> Recorded data
★ ★ ★
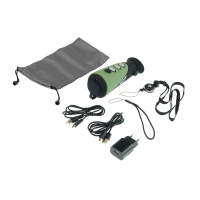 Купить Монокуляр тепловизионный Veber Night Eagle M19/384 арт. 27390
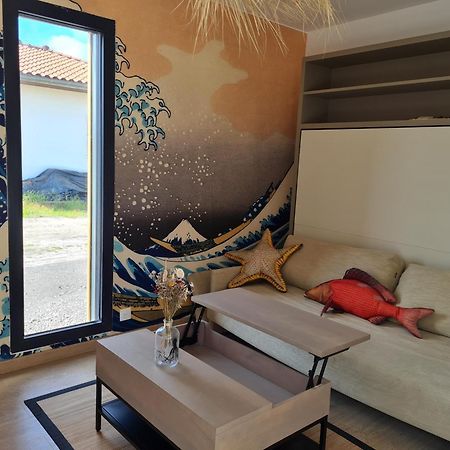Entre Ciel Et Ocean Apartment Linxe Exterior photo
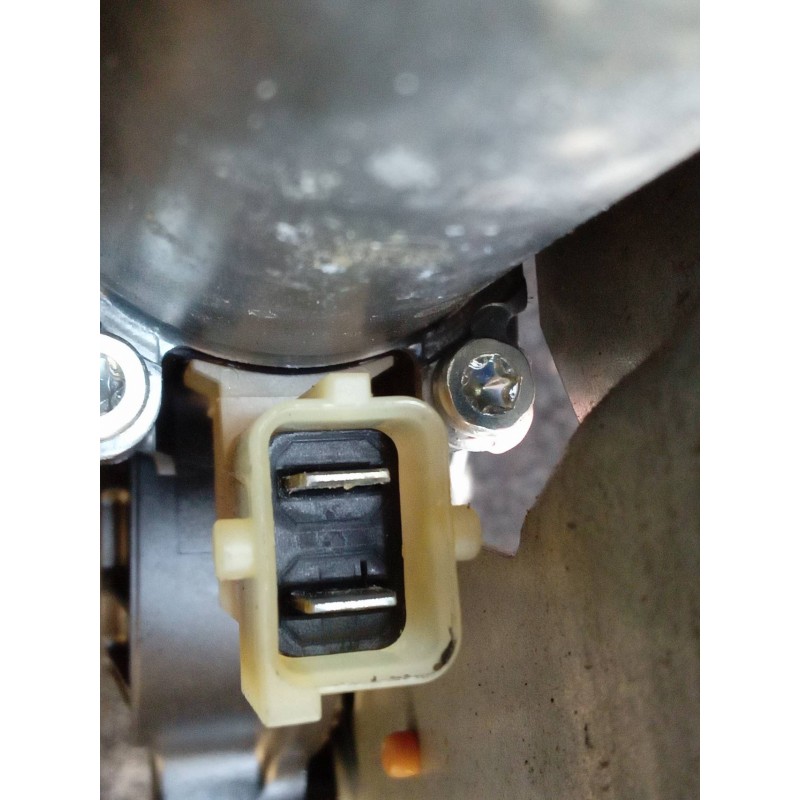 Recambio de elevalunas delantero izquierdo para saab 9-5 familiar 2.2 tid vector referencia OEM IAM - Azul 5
★ ★ ★
> Problem to work on
Each line of the listing is to be retyped exactly, and its pictures are to be dropped.

> Solution to this exercise
 Купить Монокуляр тепловизионный Veber Night Eagle M19/384 арт. 27390
Entre Ciel Et Ocean Apartment Linxe Exterior photo
 Recambio de elevalunas delantero izquierdo para saab 9-5 familiar 2.2 tid vector referencia OEM IAM - Azul 5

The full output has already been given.